Chimney Sweep

What we’ve realized as we renovate our beloved S.F. dwelling

My old friend Amanda was having work done on her home in the Catskills. She called me one evening, almost in tears. There was lumber all over. She was microwaving dinner in the bathroom. But then came her epiphany: “Sometimes, Kevin, you need to make a big mess so you can straighten up your life.”

In 1926, Calvin Coolidge was the president of the United States. On Nov. 11, 1926, a highway known as Route 66 opened for business. Had Silent Cal gotten into the presidential limo that year and driven along the Main Street of America, he might have found himself in the Golden State. Had he gone farther north, he might have discovered that on the southern border of San Francisco, in a tract of land that would one day be known as the outer, outer, outer, outer Excelsior, some builders had been caught up in the bungalow frenzy.

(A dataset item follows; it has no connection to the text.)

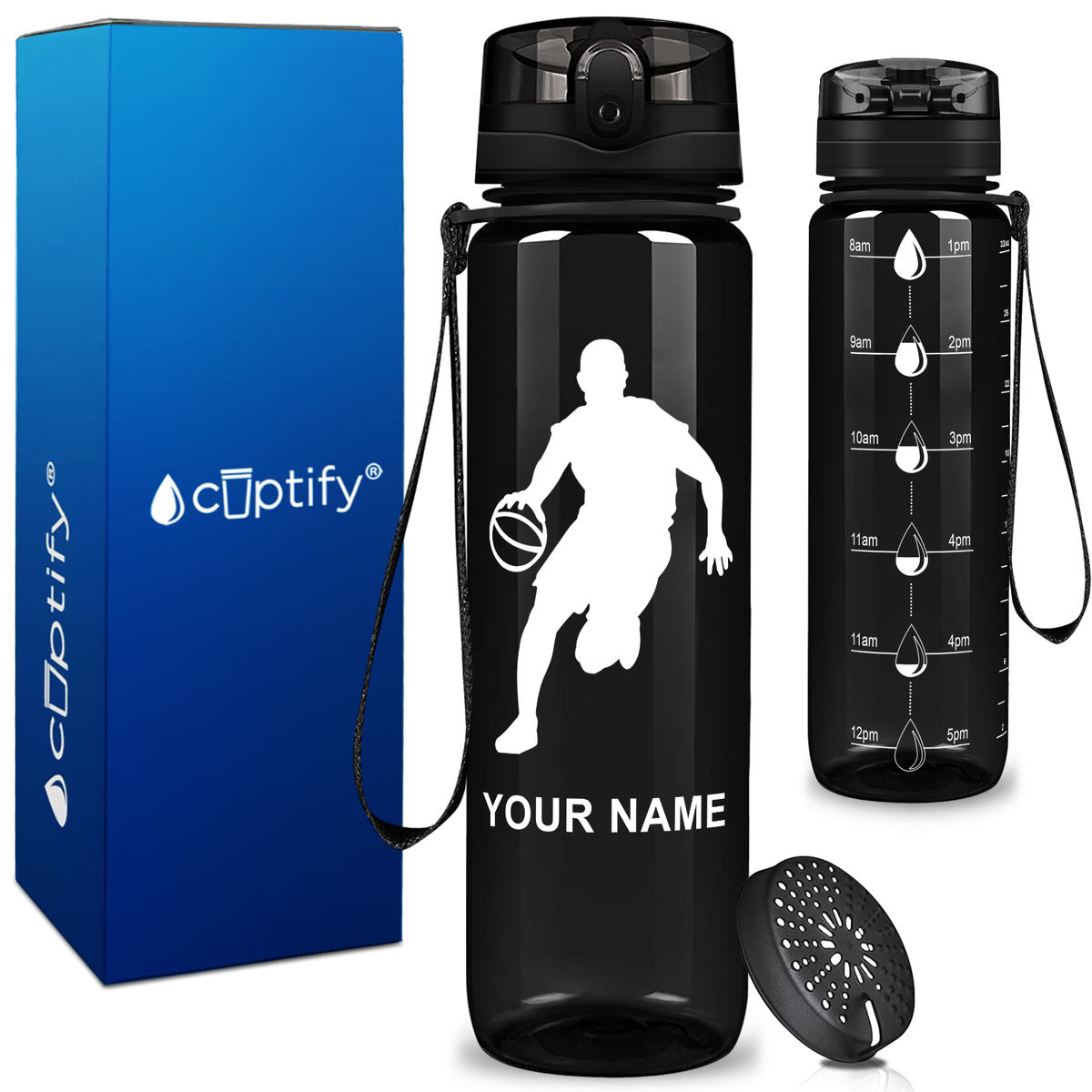 Personalized Basketball Player Silhouette on 32 oz Motivational Tracking Water Bottle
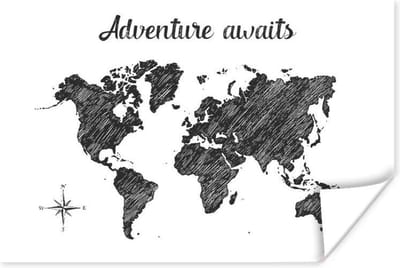 Poster 30x20 cm - Wereldkaart - Quote - Adventure Awaits - Posters - Kamer decoratie - Wanddecoratie woonkamer - Muurdecoratie slaapkamer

The word “bungalow” comes from the word “bungaloue,” shelters quickly built in India, done in the style of the Bengali. When building vacation cottages on the English seacoast in 1869, a clever marketer appropriated the term “bungalow” to give them an exotic feel. It stuck.

The word came to mean a small home, generally a single story with a sloping roof, and was the darling of the Arts and Crafts movement of the early 20th century.

Yes, in 1926, the Bedlam Blue Bungalow was built. It wasn’t blue then. And the bedlam had not yet moved in. The dining room had gumwood cabinets, the chimney worked and somewhere along the line, they added a bedroom and the porch got closed in.

But for the most part, it sat quietly on a corner until almost the end of the 20th century, when it was invaded by Fisher-Paulsons. And our bedlam.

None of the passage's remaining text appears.